Kondisi itu diperparah dengan rilis data ekonomi AS pada akhir pekan.
Goldman Sachs mencatat, peluang resesi 12 bulan AS meningkat menjadi 25 persen. Suku bunga acuan Fed (FFR) pun diproyeksikan akan mulai diberlakukan pada September 2024, lalu berlanjut pada November dan Desember.
Analis Goldman Sachs memproyeksikan pertumbuhan lapangan kerja akan pulih pada Agustus dan FOMC akan memulai pemangkasan bunga 25 basis poin sebagai respons.
"Jika kami salah dan laporan ketenagakerjaan Agustus sama lemahnya dengan Juli, maka pemangkasan suku bunga 50 basis poin kemungkinan dilakukan pada September," tulis Tim Analis Goldman Sachs, dilansir dari Reuters.
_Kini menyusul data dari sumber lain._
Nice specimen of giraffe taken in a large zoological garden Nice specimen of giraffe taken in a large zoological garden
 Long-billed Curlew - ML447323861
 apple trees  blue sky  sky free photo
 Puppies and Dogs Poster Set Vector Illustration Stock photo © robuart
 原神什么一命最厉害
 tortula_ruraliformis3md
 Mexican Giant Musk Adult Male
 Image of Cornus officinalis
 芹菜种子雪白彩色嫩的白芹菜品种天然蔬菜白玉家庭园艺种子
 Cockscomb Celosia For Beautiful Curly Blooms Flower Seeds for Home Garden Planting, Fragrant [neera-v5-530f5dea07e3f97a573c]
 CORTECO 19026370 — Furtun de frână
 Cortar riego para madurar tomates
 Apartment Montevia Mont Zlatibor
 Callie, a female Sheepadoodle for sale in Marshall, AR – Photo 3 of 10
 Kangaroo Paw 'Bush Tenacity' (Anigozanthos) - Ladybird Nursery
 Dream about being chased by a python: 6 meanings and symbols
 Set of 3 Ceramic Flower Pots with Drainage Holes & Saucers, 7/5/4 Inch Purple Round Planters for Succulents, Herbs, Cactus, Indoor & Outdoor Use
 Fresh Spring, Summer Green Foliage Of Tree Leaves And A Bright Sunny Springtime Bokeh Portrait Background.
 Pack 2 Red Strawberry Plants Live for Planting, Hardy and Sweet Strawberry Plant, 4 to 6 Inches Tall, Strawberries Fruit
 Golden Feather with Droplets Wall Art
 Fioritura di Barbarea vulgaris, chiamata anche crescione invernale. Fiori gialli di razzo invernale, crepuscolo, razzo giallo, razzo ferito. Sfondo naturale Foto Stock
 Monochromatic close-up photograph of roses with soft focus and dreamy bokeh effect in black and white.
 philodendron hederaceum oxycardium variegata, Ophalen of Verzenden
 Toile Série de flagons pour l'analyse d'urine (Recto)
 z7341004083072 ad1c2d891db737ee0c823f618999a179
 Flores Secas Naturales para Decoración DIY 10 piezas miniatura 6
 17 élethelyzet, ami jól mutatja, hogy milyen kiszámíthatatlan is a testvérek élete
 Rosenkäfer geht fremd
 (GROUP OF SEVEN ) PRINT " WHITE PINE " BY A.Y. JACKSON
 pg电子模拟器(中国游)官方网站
IHSG turut tertekan hingga 4 persen
Sejalan dengan itu, Indeks Harga Saham Gabungan (IHSG) turut tertekan hingga 4,18 persen ke level 7.002,30 pada Senin pukul 14.14 WIB, setelah dibuka pada level 7.254,61.
Itu membuat IHSG telah terkoreksi 3,37 persen (year to date).
"Bursa Asia mengalami koreksi dan dalam tekanan aksi jual hari ini, seiring dengan sikap para pelaku pasar pascarilis data ekonomi AS," kata Associate Director of Research and Investment Pilarmas Investindo Sekuritas, Maximilianus Nico Demus, dalam catatannya pada akhir perdagangan sesi I hari ini.
Pada akhir pekan lalu, AS mengumumkan bahwa data nonfarm payrolls hanya naik ke 114.000, jauh di bawah ekspektasi pasar, yakni 175.000. Selain itu, tingkat pengangguran AS pun meningkat menjadi 4,3 persen, melampaui ekspektasi yang hanya 4,1 persen.
Pengumuman data itu meningkatkan kekhawatiran pasar akan terjadinya pelemahan pertumbuhan ekonomi AS, yang bukan tidak mungkin akan berujung pada resesi. Alhasil, para pelaku pasar relatif berhati-hati terhadap prospek ekonomi AS.
Sementara itu, dari dalam negeri, pertumbuhan ekonomi melambat. Badan Pusat Statistik (BPS) mengumumkan, perekonomian Indonesia pada kuartal II-2024 mencapai 5,05 persen (YoY), lebih rendah dari kuartal I yang mencapai 5,11 persen.
"Meski lebih rendah dari kuartal sebelumnya, kami menilai hal itu disebabkan oleh faktor musiman yang menopang aktivitas ekonomi. Karena itu kami menilai itu masih cukup positif di saat kondisi ketidakpastian global masih membayangi," kata Nico.